Drivers must take care in wintertime conditions

By the side of U.S. Highway 50, police and firefighters waited to pull two bodies from a car overturned in a creek bed Tuesday.

Glowing dully, the lights from a California Department of Transportation sign above the road, cast a yellow hue on the men below.

The sign said chains were required on Echo Summit. It warned drivers of dangerous driving conditions.

For many drivers who don’t take proper precautions, the road conditions can lead to accidents.

Police believe the man who died Tuesday was driving nearly 50 mph, far too fast for the icy conditions.

According to California Highway Patrolman Steve Gwaltney, accidents increase significantly after the first snowfall of the year.

“People just don’t get into that winter driving mode fast enough,” he said. “It seems like some people have to see other people get in an accident or lose control themselves before they take proper precautions.”

People who think they are invincible because they drive sport utility vehicles, and the number of tourists who come to South Lake Tahoe exacerbate the problem Gwaltney said.

“I think our locals are good drivers for the most part,” he said. “Locals do get into accidents; they do happen, but most of them are caused by people from other areas.”

According to California Department of Transportation drivers should be prepared for weather and road conditions to change rapidly. Spin-outs and accidents are common during storms and can block the roadway for several hours.

Highway 50 and Interstate 80 are particularly vulnerable to road closures, according to Caltrans, because of their high traffic volume.
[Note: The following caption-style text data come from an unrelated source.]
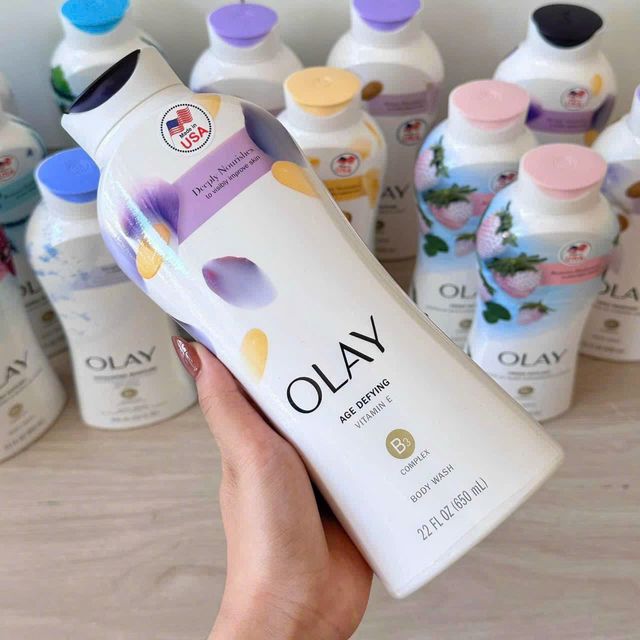 Sữa Tắm Olay Age Defying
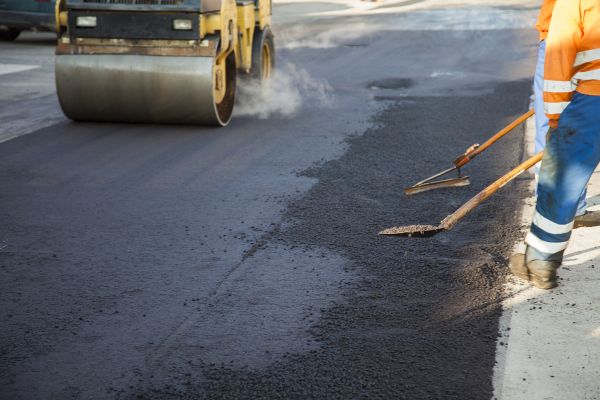 Asphalt Road Repair in San Rafael
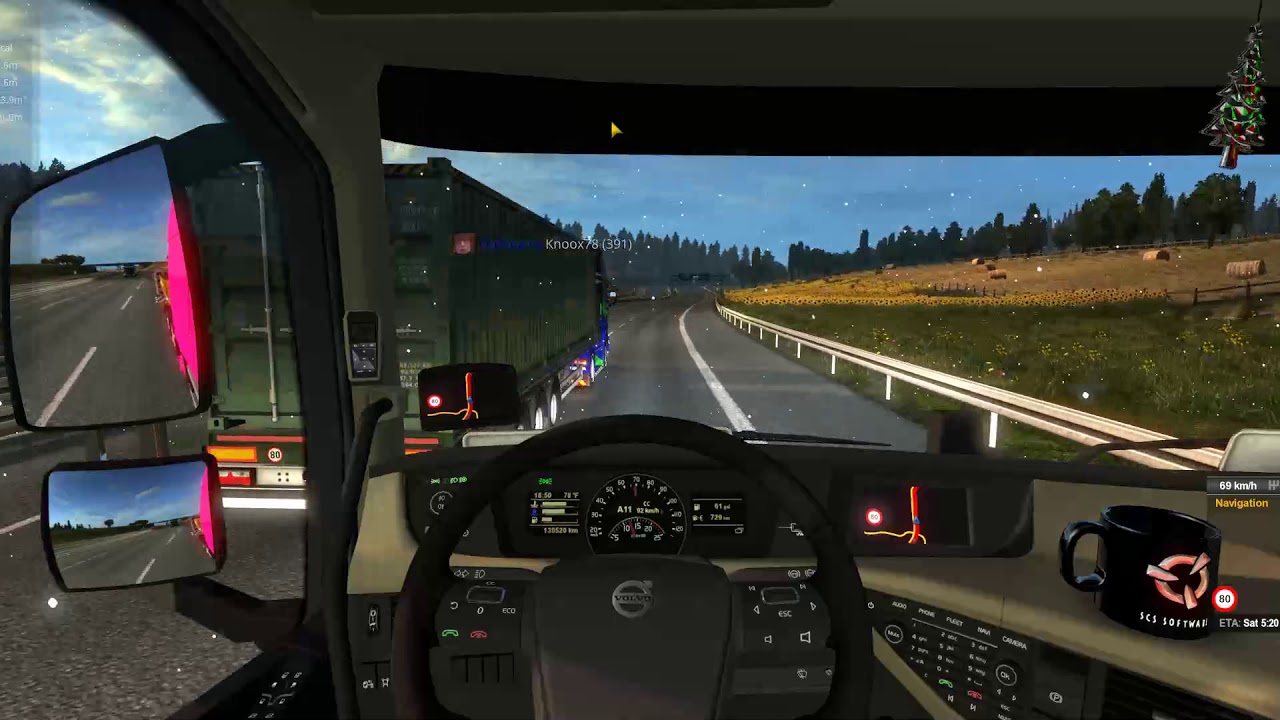 ETS2 Europe 2 683 duartemartins07 1110654 Reckless Driving ...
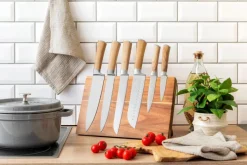 Messerblock 7tlg. Schneidwaren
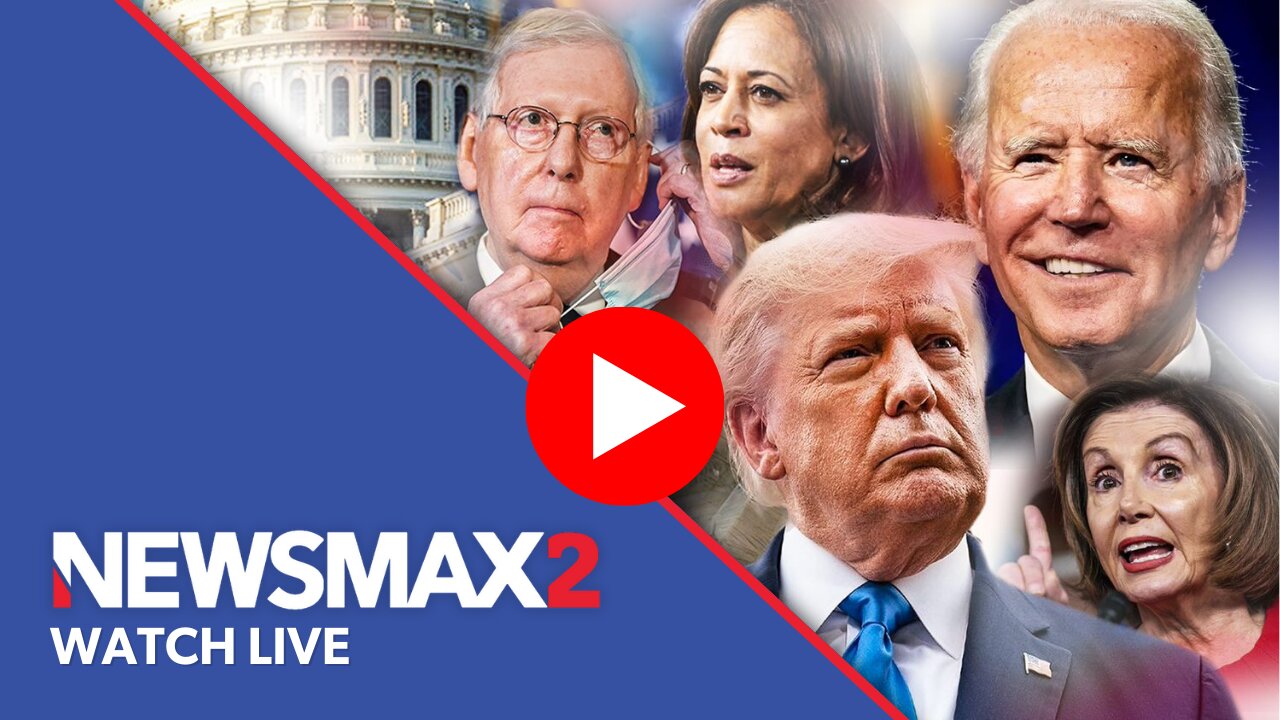 ⁣NEWSMAX2 LIVE on Rumble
Caltrans and the CHP recommend taking the following precautions if you are planning to drive in winter conditions:

– Always wear a safety belt, it reduces the odds of injury or death by 50 percent.

– Never drink and drive.

– Don’t speed. Thirty one percent of all fatal crashes are speed-related.

– Make sure your brakes, windshield wipers and washers, defrosters, heaters and exhaust systems are in good working order.

– Always carry chains. Make sure they are the proper size for your tires and are in working order. Chains must be installed on the drive wheels. Make sure you know if your vehicle is front- or rear-wheel drive.

– Carry an ice scraper or a commercial deicer, a broom for brushing snow off your car, a shovel to free your car if it is snowed in, and sand or burlap for traction if your wheels become mired in snow.

– Store water, food, warm blankets and extra clothing in your car.

– Put an extra key in your pocket. A number of motorists have locked themselves out of their cars when they stopped to put on chains.

The two most important driving tips, Gwaltney said, are to slow down and to look farther in front of the car.

“I can’t tell you how many times a passenger has seen a car spin out, thinking the driver has seen it too, and they plow right into it because they are staring at the ground just in front of the car,” he said.

The CHP and Caltrans go to great lengths to teach safety and Gwaltney said, “That’s all we want, is for people to be safe.”